Image-caption web data:
-- Opening Marker --

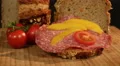 dolly around german spelt bread with salami 4k or 4k+ Resolution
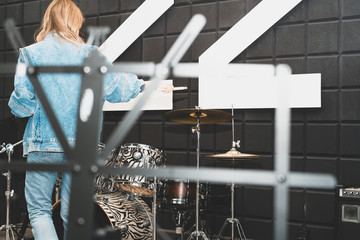 Creativity and music. Young beautiful girl plays the drums. Recording Studio. Musical equipment.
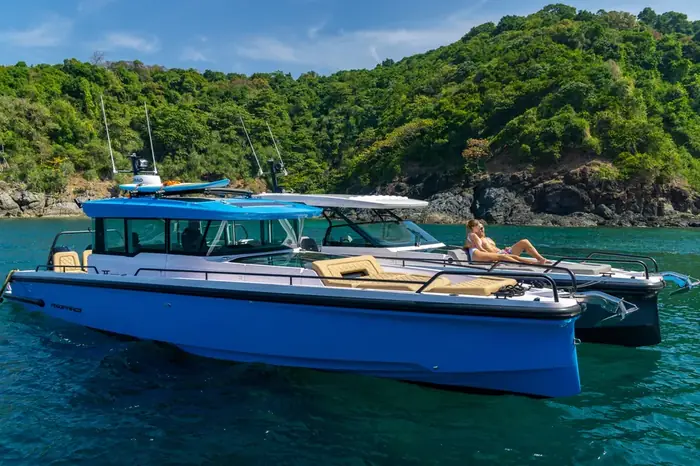 Embarcación fondeada en una caleta de aguas tranquilas rodeada de vegetación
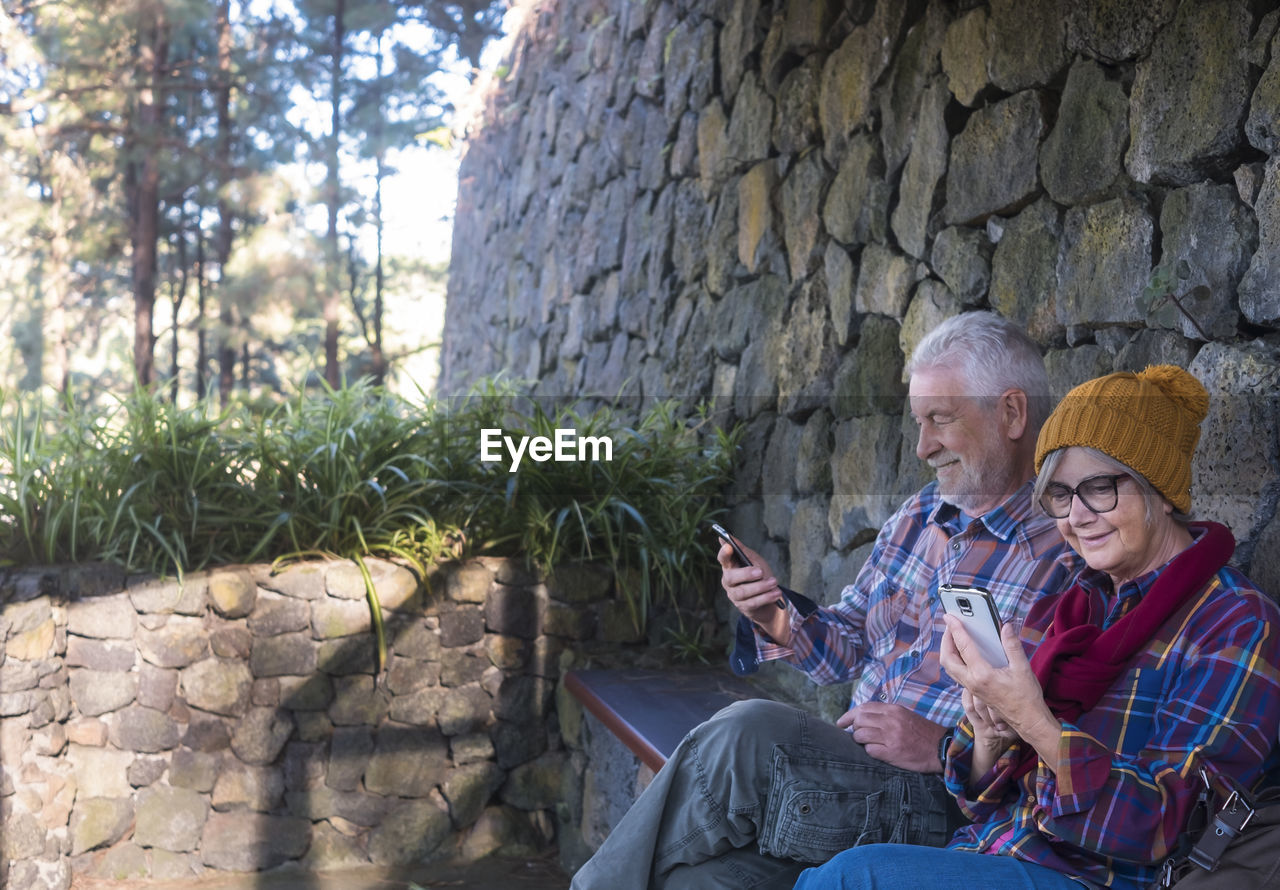 Senior couple using phones while sitting outdoors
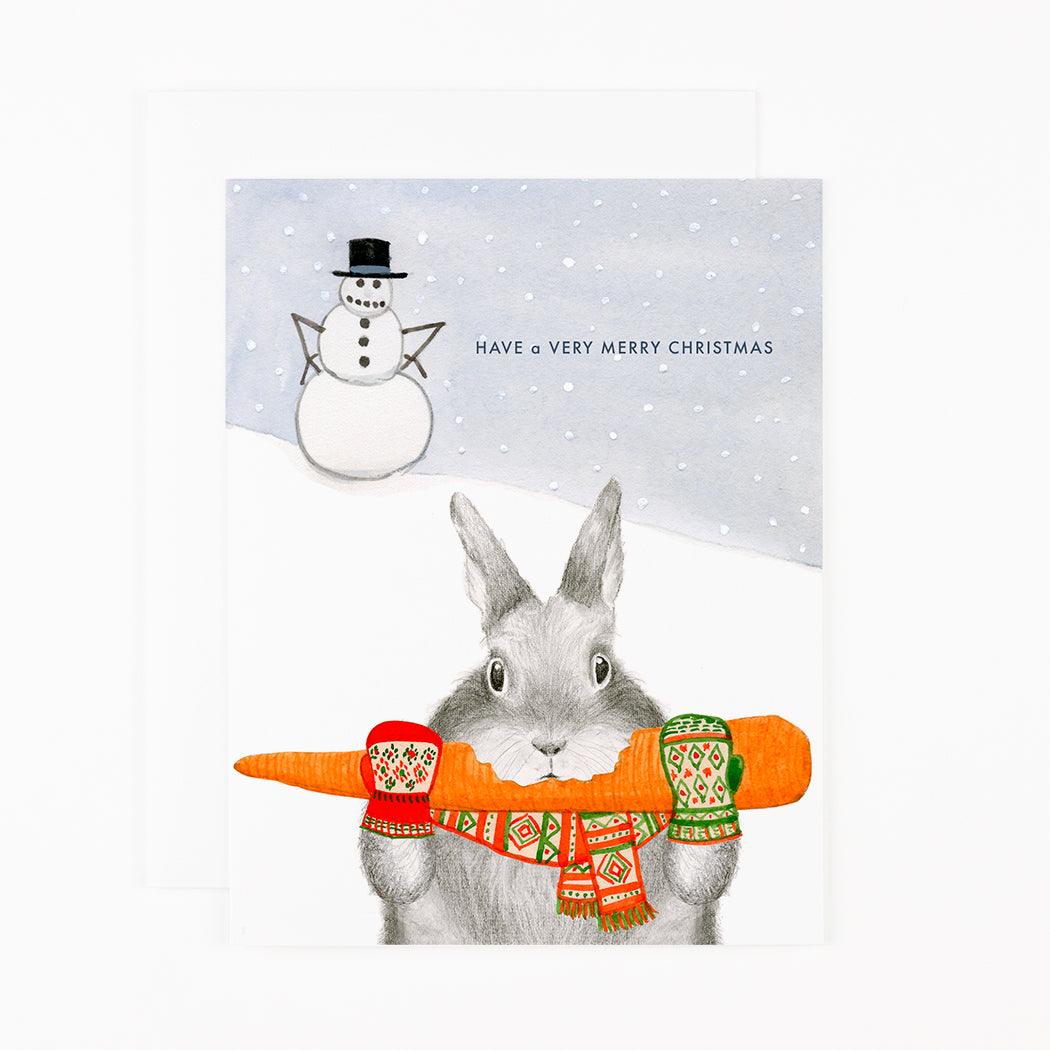 A Dear Hancock Merry Christmas card featuring an illustration of a bunny in mittens holding a carrot, with a snowman in the background, and the message &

-- Closing Marker --

# [Aim of the exercise]
Your answer must be the lines from the line containing "Senior couple using" through the final line of the data, written out exactly, both ends included and pictures left out.

# [Exercise output]
 Senior couple using phones while sitting outdoors
 A Dear Hancock Merry Christmas card featuring an illustration of a bunny in mittens holding a carrot, with a snowman in the background, and the message &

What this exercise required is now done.